Your goal: Search the records for the line with "Jardim Público de Esmoriz em Ovar mapa". Output that line and each line after it, exactly, and stop at the end; omit pictures.

[Web page caption snippets]

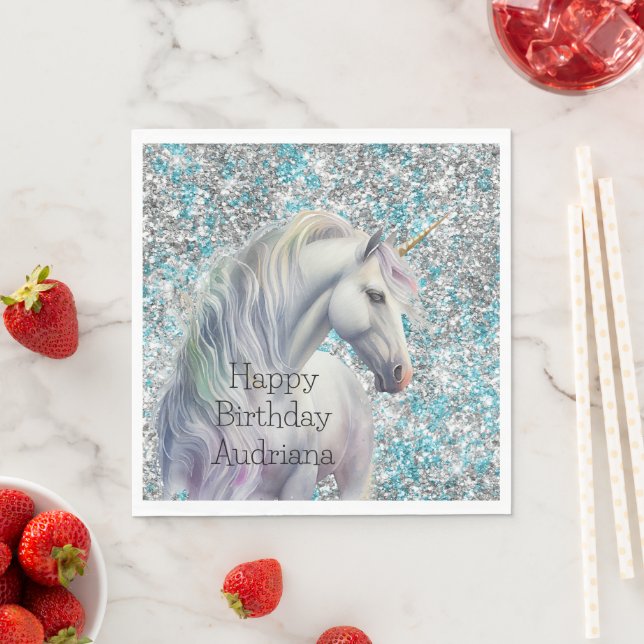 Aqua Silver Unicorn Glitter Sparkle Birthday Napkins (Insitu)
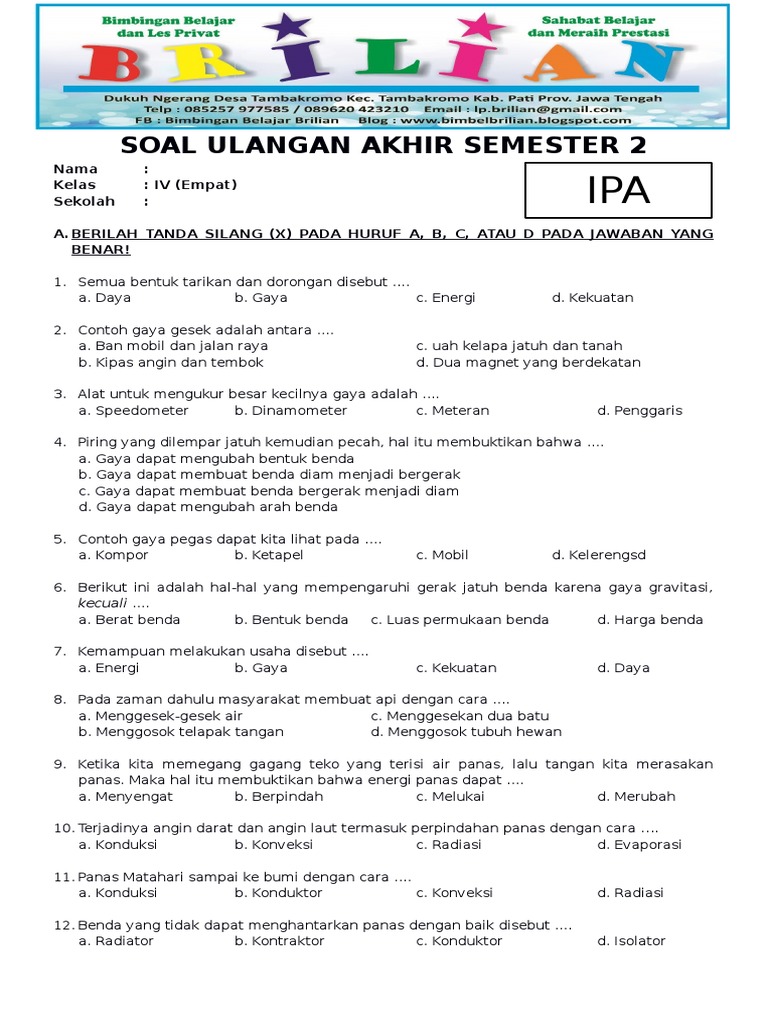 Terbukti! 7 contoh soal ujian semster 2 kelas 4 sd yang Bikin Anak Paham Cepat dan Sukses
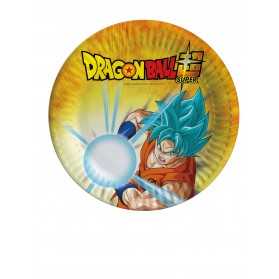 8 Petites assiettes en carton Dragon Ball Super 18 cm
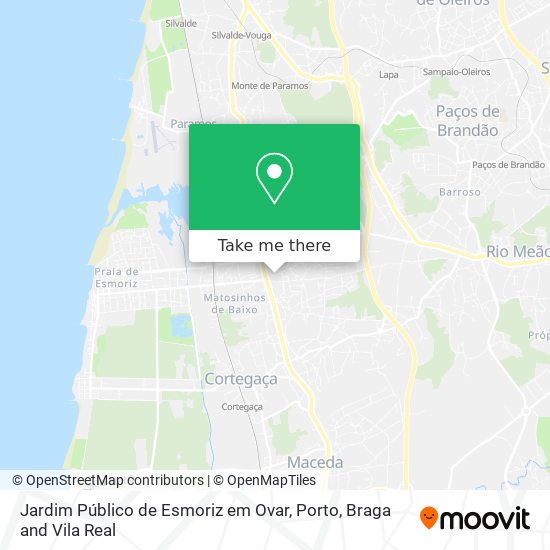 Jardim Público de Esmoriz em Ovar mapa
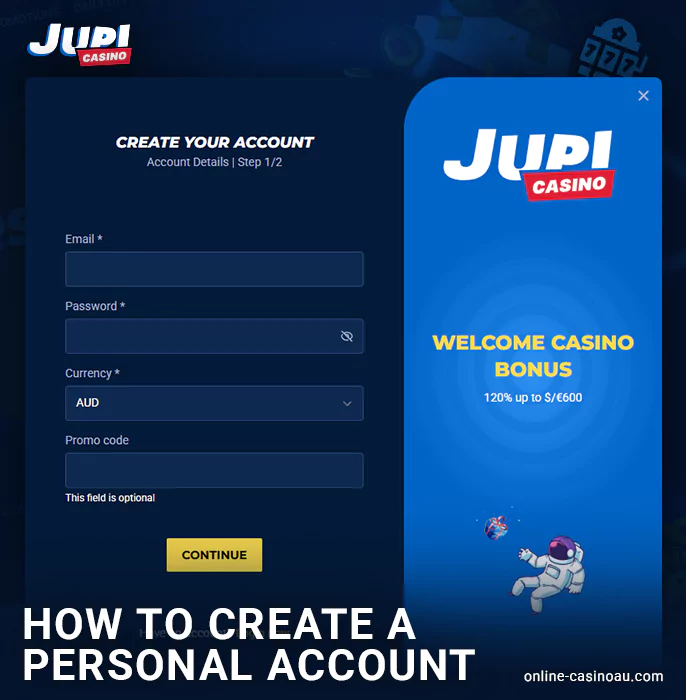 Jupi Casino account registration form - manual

Task output:
 Jardim Público de Esmoriz em Ovar mapa
 Jupi Casino account registration form - manual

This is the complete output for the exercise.